Industriestaaten vertagen Entscheidung zur Bankenregulierung

Nach den Berechnungen werden die Sparpakete das Bruttoinlandsprodukt (BIP) im Euroraum zwar deutlich verringern, in diesem Jahr um 0,3 bis 0,7 Prozent. 2011 drücken die geringeren Staatsausgaben die Wirtschaftsleistung sogar um 0,5 bis 1,2 Prozent herunter. Wettgemacht werde dieser Verlust laut Heise allerdings durch ein stärkeres Wirtschaftswachstum infolge des gefallenen Euro-Wechselkurses. So erhöhe eine zehnprozentige Abwertung des Euro das Wachstum um fast ein Prozent. „Insgesamt könnten sich die negativen Konjunkturwirkungen der Sparpakete und die positiven Effekte der Abwertung in etwa ausgleichen“, sagt Heise.

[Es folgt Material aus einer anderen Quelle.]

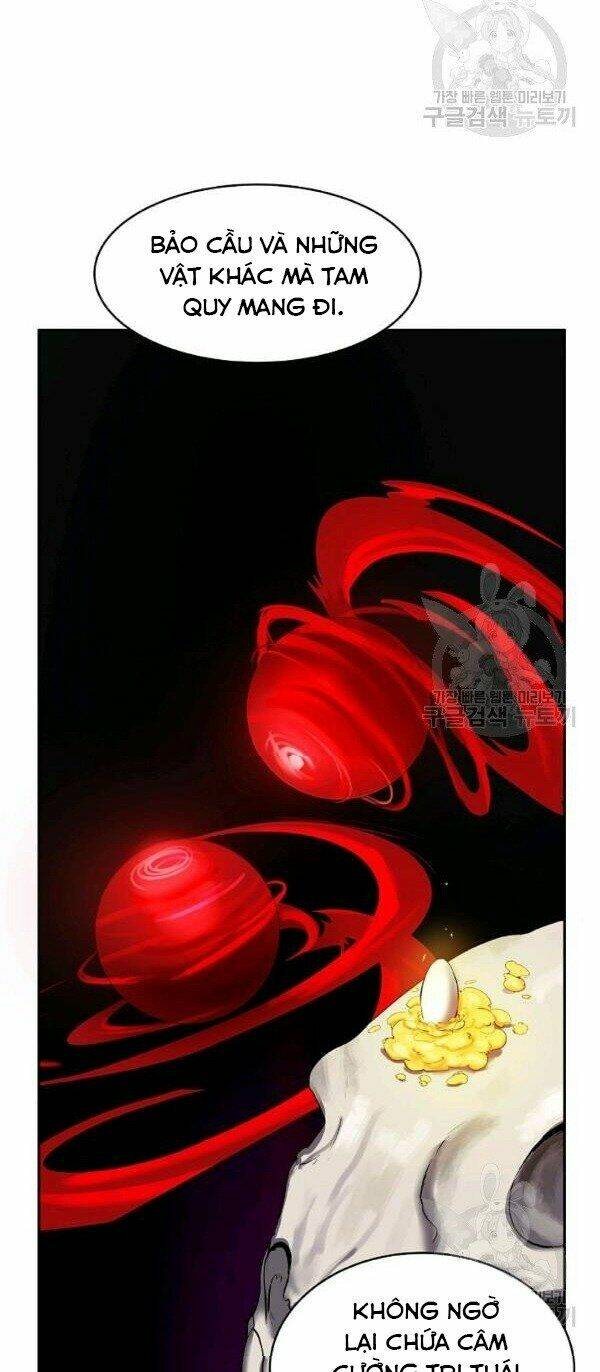 xuyên không thành hổ chapter 30 10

Er glaubt, dass der Streit zwischen den USA und Europa um die richtige Finanzpolitik weitergehen wird. Bei der ganzen Diskussion ums Sparen geriet ein Thema völlig in den Hintergrund: Die Bankenregulierung. Konkrete Vorgaben zur internationalen Bankenregulierung in Form einer Bankenabgabe oder einer Finanztransaktionssteuer vertagten die Industriestaaten, „Das ist die eigentliche Katastophe, wie brauchen hier rasch neue Vorschriften. Hier wird gerade die Saat für die nächste Krise gelegt“ warnte Horn. Konkrete Ergebnisse erhofft man sich nun vom nächsten Gipfel im November-in Seoul. Dann wollen die Staats-und Regierungschefs auch eine neue Stimmrechtsverteilung im Internationalen Währungsfonds (IWF) beschließen, hieß es im Abschluss-Kommunique des Treffens. Demnach sollen Schwellenländer wie geplant mindestens fünf Prozent mehr Mitspracherecht erhalten.